Faced with the insufficient number of places in intensive care, hospital directors argue that they lack qualified staff. For experts and insiders of the hospital world, this would only be a false excuse.
Health economist, Heinz Locher thus declares in the “SonntagsZeitung” that “the fact that following two years of pandemic, there are fewer places in intensive care instead of having more, is not inevitable, but a pure failure of politics ”.
Notice to retirees and “frustrated”
According to him, hospitals might use a third more intensive care places. How? ‘Or’ What? By mobilizing intensive care specialists retired or “frustrated” at having left the profession in recent years.
He recommends giving each person who leaves the profession a sufficiently high premium and employment conditions as adapted as possible to their wishes. “Many of them would return, at least for a limited period,” he assures us. Faced with the billions spent on the pandemic, a “special bonus of 20,000 francs for each nurse in intensive care would be justified”.
Heinz Locher therefore asks the politicians, and the cantons, responsible for the management of hospitals, to take a package of urgent measures to make up for negligence.
A “conspiracy”
The former administrative director of the University Hospital Zurich, Werner Widmer, made similar remarks recently in the “NZZ”: “If the Federal Council paid hospitals double the amount for each Covid patient in intensive care (IPS), hospitals might also double the salaries of nursing staff ”.

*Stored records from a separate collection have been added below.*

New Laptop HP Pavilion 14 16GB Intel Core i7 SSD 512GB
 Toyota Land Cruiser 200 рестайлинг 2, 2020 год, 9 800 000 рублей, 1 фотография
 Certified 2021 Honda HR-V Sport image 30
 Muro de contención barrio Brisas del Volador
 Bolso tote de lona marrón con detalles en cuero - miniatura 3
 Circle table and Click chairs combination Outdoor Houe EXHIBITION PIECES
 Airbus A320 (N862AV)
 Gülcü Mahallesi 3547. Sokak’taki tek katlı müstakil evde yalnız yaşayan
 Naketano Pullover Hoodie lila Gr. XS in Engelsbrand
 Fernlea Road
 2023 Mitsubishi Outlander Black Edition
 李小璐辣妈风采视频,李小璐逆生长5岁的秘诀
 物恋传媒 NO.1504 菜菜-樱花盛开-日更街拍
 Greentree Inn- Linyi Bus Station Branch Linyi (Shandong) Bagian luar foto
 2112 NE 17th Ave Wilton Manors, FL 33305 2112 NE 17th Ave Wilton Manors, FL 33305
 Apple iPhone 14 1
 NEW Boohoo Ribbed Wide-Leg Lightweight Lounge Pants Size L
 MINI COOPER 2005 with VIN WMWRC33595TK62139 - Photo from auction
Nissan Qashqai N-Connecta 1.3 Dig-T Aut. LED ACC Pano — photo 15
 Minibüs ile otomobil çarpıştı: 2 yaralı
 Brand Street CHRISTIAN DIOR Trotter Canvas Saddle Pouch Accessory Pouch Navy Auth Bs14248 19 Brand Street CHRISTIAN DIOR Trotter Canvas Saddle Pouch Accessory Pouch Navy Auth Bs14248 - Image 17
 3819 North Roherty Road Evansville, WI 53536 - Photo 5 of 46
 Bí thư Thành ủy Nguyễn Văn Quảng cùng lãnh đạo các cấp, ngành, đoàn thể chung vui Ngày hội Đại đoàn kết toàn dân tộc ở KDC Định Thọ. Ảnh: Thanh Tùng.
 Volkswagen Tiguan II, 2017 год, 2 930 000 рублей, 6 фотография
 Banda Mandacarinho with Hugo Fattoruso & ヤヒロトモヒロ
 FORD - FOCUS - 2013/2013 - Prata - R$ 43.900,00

According to Heinz Locher, the wrong incentives in hospitals even lead to unnecessary treatment being carried out at the expense of intensive care units. For example, reports from the Federal Office of Public Health and the Federal Audit Office show that up to 20% of unnecessary heart and knee operations are carried out on supplementary insureds. “But nobody wants to change that”, because according to him, everyone benefits, from doctors to hospitals, through health funds and even the cantons. “It’s a conspiracy.”
Albert Rösti, national councilor UDC (BE), has been campaigning for months within the Committee on Health and the Parliament for more places in intensive care. And it has just achieved a small success, reports the “SonntagsZeitung”: Parliament obliged the Federal Council to give the cantons directives concerning the number of intensive care places. He hopes that the Confederation will oblige the cantons to “finally invest in their intensive care units and recruit staff by all means”.